BBC Head of Light Entertainment
- In office November 1961 – May 1970
- Preceded by: Eric Maschwitz
- Succeeded by: Bill Cotton

Personal details
- Born: Thomas James Harman Sloan 14 October 1919 Hertfordshire, England
- Died: 13 May 1970 (aged 50) London, England

= Tom Sloan (television executive) =

British television executive (1919–1970)

Thomas James Harman Sloan (14 October 1919 – 13 May 1970) was a British television executive. He was the BBC's Head of Light Entertainment in the 1960s.

==Early life==
Sloan was born in Hertfordshire, England, the son of a Scottish Free Church Minister, and educated at Dulwich College. He entered the BBC Sound Effects Department in 1939, but left at the start of World War II to serve in the Royal Artillery throughout the war. He married Patricia Coverdale in 1943 and had four children.

==Broadcasting career==
In 1946 he returned to BBC radio as a talks producer and spent several years as the BBC's representative in Canada. In 1956 he joined the BBC Light Entertainment group, under Ronnie Waldman. During this period, he provided the British commentary for the Eurovision Song Contests in 1957, 1958 and later the 1964 on radio (BBC Light Programme), and in 1959 and 1961 on BBC Television. He was also the executive producer of the 1968 contest.

In 1961 he was appointed Head of Light Entertainment, taking over from Eric Maschwitz (who became Assistant Controller of Programmes). One of his first tasks was to attempt to hold on to one of the BBC's biggest stars of the time, Tony Hancock. After he failed to persuade Hancock to sign a golden handcuffs deal designed to prevent him defecting to ITV or the cinema, he wrote a confidential memo to the BBC Controller of Programmes on 13 April 1962, stating "Hancock is a moody perfectionist with a great interest in money and no sense of loyalty to the corporation". He added that nothing short of handing over entire "production control" to Hancock and paying him an unprecedented £150,000 – the equivalent of £2m today – for a further 13 episodes of his TV sitcom would be enough to persuade him to stay with the BBC. In the autumn of 1961 he approached Hancock's writers, Ray Galton and Alan Simpson, with the idea of a series called Comedy Playhouse.
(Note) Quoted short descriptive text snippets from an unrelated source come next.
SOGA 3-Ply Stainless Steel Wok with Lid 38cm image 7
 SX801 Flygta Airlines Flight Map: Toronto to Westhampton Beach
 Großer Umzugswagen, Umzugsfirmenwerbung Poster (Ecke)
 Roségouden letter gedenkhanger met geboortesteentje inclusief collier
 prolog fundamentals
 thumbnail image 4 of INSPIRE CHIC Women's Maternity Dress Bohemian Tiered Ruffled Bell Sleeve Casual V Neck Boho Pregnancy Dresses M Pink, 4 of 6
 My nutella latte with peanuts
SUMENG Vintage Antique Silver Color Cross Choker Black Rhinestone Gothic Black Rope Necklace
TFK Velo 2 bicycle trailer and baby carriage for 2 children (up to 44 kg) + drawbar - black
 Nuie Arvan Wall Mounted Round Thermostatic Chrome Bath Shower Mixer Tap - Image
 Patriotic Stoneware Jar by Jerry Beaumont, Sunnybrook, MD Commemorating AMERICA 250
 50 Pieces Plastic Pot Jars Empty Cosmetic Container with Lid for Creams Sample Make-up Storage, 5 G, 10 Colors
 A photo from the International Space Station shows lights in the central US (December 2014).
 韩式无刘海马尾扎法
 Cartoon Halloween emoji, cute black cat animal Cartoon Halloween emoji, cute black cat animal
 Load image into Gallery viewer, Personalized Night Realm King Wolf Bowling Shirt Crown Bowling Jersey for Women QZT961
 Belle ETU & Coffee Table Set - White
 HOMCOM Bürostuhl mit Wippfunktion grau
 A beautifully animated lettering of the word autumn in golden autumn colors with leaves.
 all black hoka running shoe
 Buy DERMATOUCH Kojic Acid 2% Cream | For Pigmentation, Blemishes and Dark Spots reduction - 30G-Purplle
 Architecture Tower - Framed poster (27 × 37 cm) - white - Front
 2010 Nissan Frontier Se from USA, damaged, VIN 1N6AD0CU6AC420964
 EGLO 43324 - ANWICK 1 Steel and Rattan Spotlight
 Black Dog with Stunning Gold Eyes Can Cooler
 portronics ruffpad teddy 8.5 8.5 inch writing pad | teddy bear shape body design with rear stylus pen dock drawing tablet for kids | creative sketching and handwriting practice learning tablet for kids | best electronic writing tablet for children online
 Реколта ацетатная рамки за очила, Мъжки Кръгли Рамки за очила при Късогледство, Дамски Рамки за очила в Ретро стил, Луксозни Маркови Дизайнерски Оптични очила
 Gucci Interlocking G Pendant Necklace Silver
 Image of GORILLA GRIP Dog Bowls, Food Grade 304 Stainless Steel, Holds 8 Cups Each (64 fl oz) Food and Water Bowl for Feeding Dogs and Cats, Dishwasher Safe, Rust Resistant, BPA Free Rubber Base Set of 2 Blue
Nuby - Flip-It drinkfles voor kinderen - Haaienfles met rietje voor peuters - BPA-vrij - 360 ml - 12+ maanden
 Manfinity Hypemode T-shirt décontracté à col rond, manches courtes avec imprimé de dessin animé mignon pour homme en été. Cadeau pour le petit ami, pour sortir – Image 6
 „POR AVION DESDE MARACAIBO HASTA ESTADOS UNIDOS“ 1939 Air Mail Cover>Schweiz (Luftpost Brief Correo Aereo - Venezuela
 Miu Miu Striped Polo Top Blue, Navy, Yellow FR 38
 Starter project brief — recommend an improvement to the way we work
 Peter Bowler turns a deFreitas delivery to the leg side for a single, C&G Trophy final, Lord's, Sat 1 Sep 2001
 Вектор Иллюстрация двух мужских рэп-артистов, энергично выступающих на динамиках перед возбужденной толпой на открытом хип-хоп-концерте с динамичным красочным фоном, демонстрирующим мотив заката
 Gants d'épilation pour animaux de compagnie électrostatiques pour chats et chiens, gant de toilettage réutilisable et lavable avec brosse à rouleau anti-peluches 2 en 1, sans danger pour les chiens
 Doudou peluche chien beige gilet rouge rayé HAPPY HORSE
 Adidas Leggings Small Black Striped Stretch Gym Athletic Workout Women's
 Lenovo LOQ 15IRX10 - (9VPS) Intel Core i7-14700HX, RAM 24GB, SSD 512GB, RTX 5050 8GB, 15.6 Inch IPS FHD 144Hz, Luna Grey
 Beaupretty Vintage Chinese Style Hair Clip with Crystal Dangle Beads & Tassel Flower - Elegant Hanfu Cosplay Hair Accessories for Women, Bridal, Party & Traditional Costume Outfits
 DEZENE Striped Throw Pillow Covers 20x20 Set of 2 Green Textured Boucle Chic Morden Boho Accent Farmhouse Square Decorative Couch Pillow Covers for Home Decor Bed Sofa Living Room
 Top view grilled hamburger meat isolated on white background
He had ten half-hour slots and asked them to fill them with anything they wanted, insisting only that his title of Comedy Playhouse be used. The fourth episode of the series, broadcast on 5 January 1962, was entitled The Offer and starred Harry H. Corbett and Wilfrid Brambell as Harold and Albert Steptoe. Sloan badgered Galton and Simpson to write a series of Steptoe and Son episodes, which were broadcast between May and June 1962. A further seven series, totalling 57 episodes, would eventually be made between 1962 and 1974.

In his post as Head of Light Entertainment, Sloan provided viewers with a tougher and socially more critical view of comedy than was available before. The polite, middle-class humour which had previously limited the BBC's vision of what television amusement should offer, was supplemented with the social realism of comedies such as Steptoe and Son and Till Death Us Do Part. Sloan once said, "Comedy ought to reflect life. It is at its best when it does this. I've no intention of giving viewers a marzipan view of life". It was later said that Sloan attempted to invert the BBC's founding principles of "education, information and entertainment", giving priority to entertainment, followed by information and education. This was considered acceptable because entertainment, to him, meant not only what was cheerfully relaxing but also what was vigorous, thoughtful, stimulating and downright disturbing. He found the writers and the stars to provide and embody what he wanted, and created a space and audience for them.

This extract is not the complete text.